EXERCISE INSTRUCTIONS:
Restate word for word the entries below, starting at the line with "731 Coronel Street, Los Angeles, CA 90012" and ending at the line with "Продам дом, Үй сатылады". Keep both end lines and omit the pictures.
*** SOURCE MATERIAL
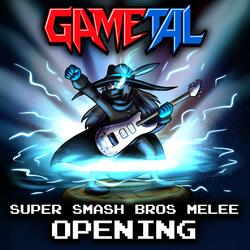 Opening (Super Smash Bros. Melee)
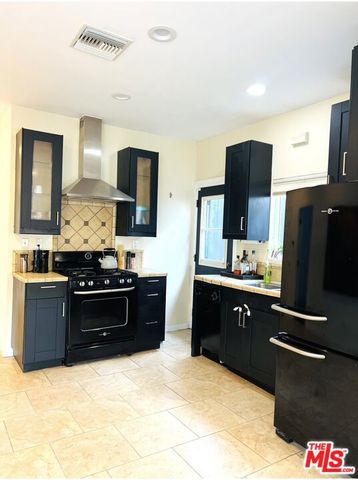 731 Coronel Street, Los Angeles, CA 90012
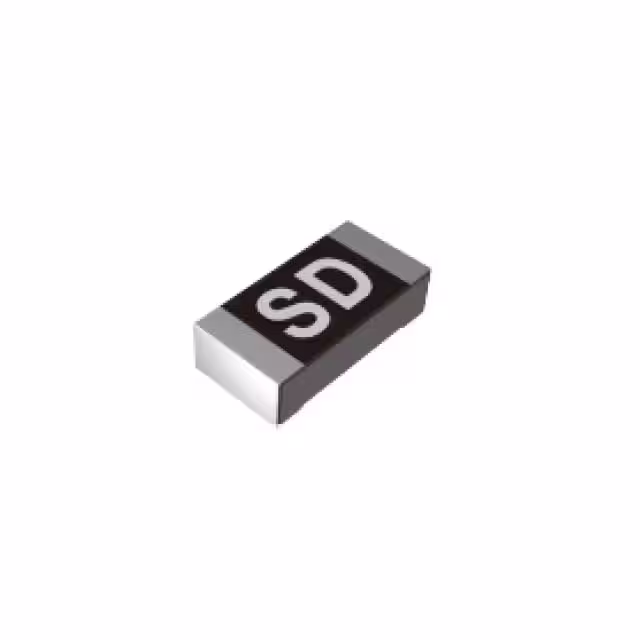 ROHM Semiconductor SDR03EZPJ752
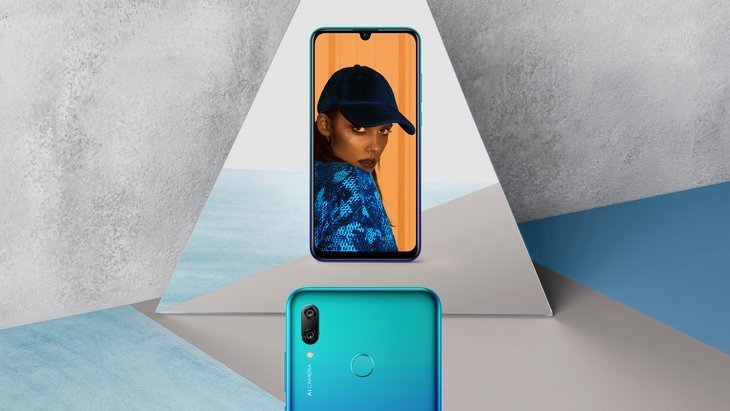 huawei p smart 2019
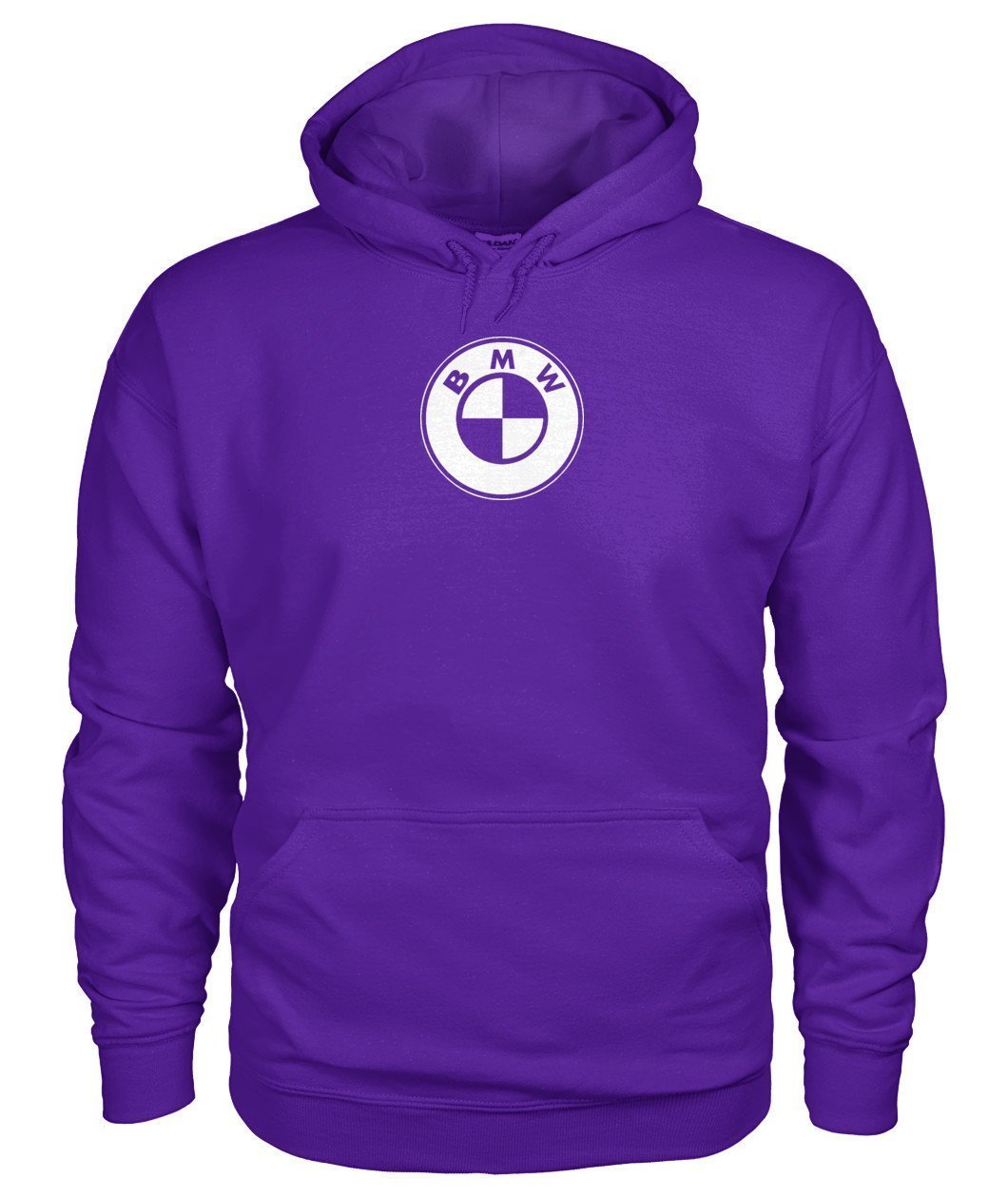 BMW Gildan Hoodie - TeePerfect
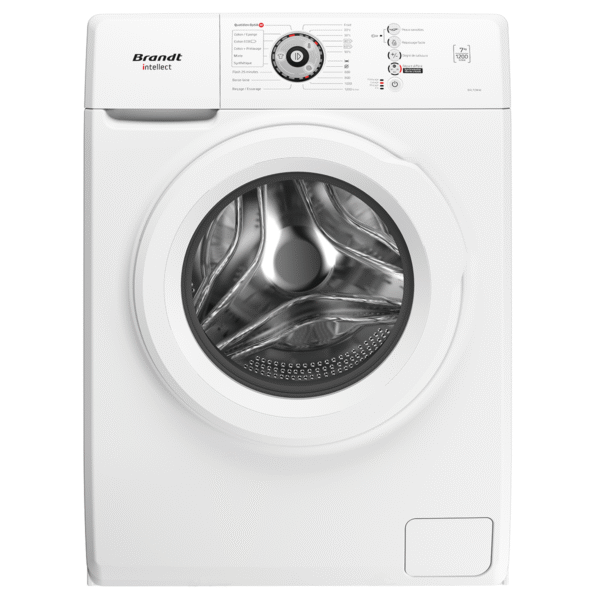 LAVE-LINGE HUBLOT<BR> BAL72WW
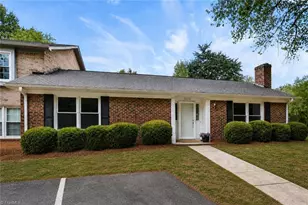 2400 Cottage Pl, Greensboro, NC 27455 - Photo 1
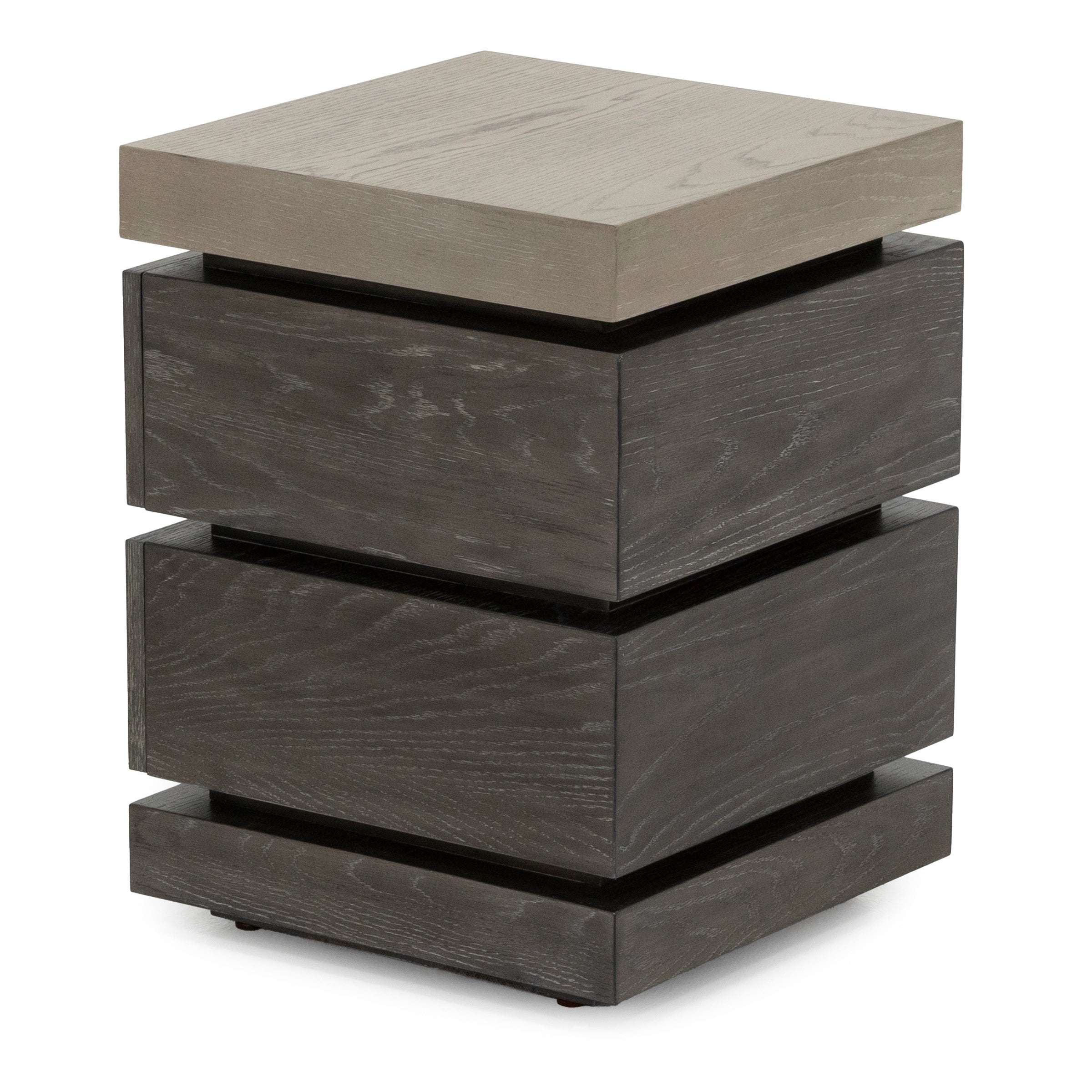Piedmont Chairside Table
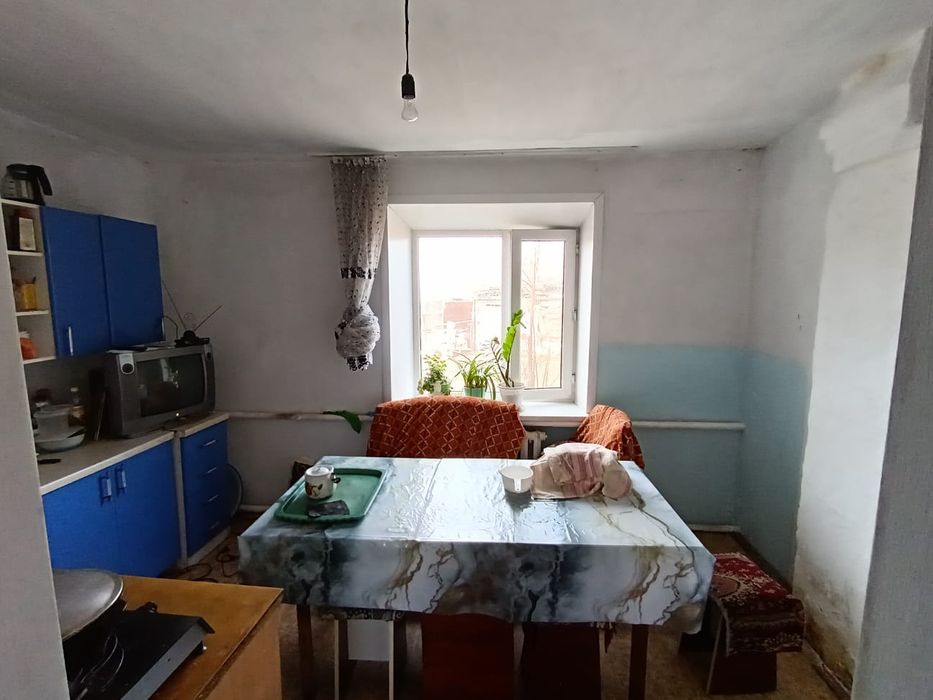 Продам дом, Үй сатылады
******
*** SOURCE MATERIAL
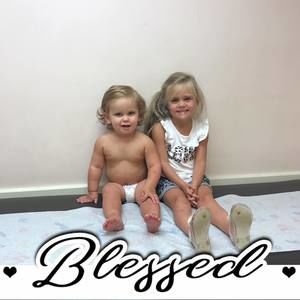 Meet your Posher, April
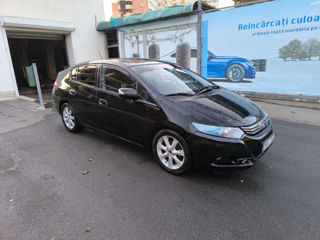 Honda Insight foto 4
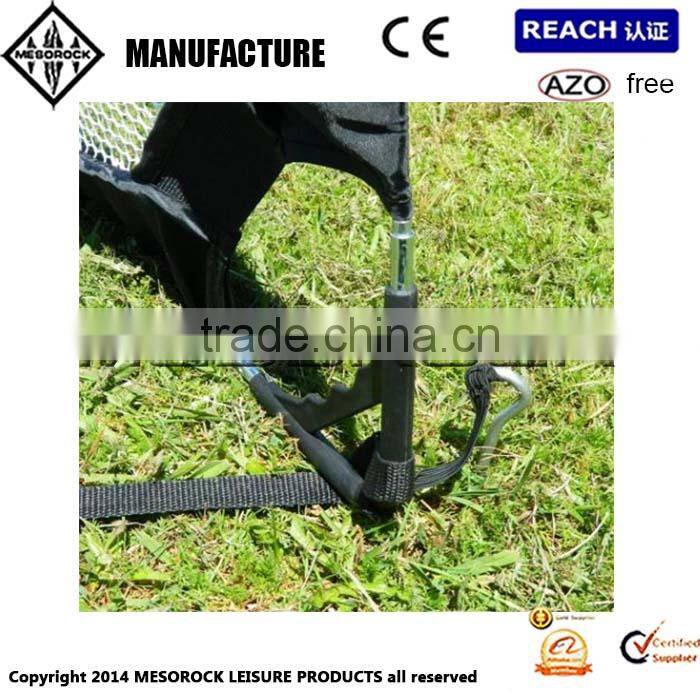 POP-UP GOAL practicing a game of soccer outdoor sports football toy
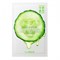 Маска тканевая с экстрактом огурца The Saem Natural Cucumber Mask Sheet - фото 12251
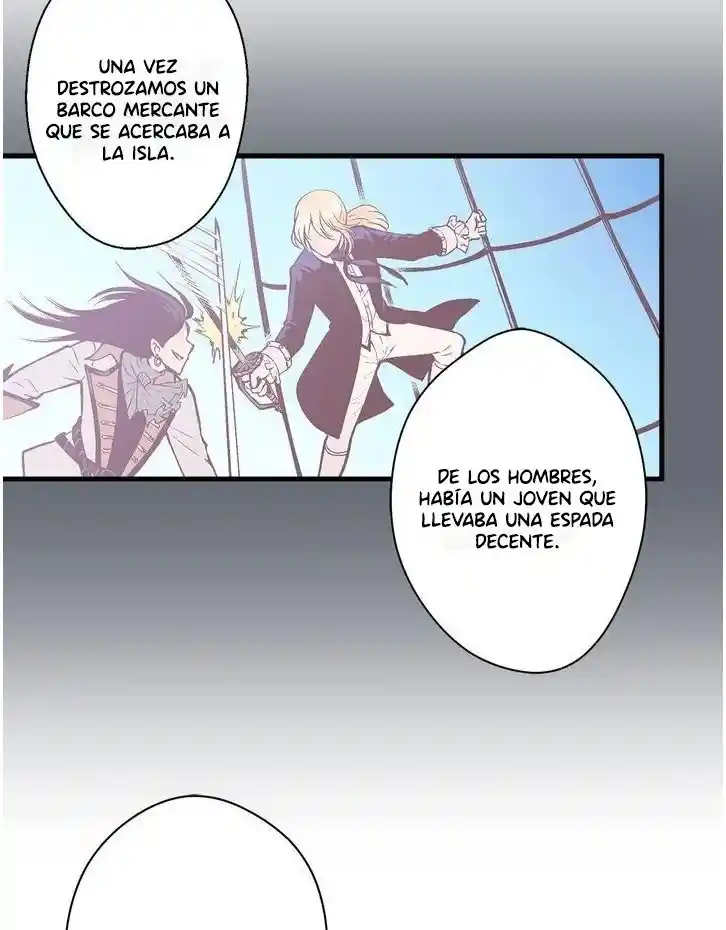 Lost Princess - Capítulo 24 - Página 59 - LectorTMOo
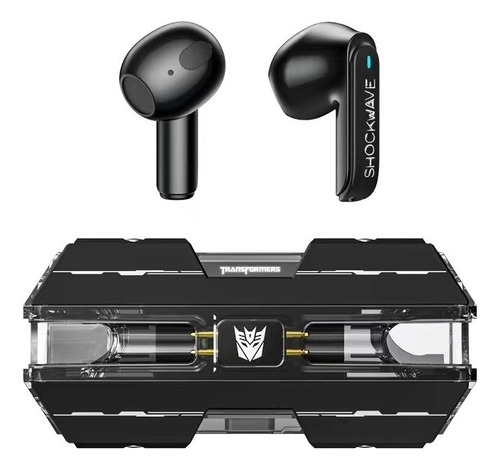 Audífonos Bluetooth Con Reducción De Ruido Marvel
******
COMPLETED TASK:
 731 Coronel Street, Los Angeles, CA 90012
 ROHM Semiconductor SDR03EZPJ752
 huawei p smart 2019
 BMW Gildan Hoodie - TeePerfect
 LAVE-LINGE HUBLOT<BR> BAL72WW
 2400 Cottage Pl, Greensboro, NC 27455 - Photo 1
Piedmont Chairside Table
 Продам дом, Үй сатылады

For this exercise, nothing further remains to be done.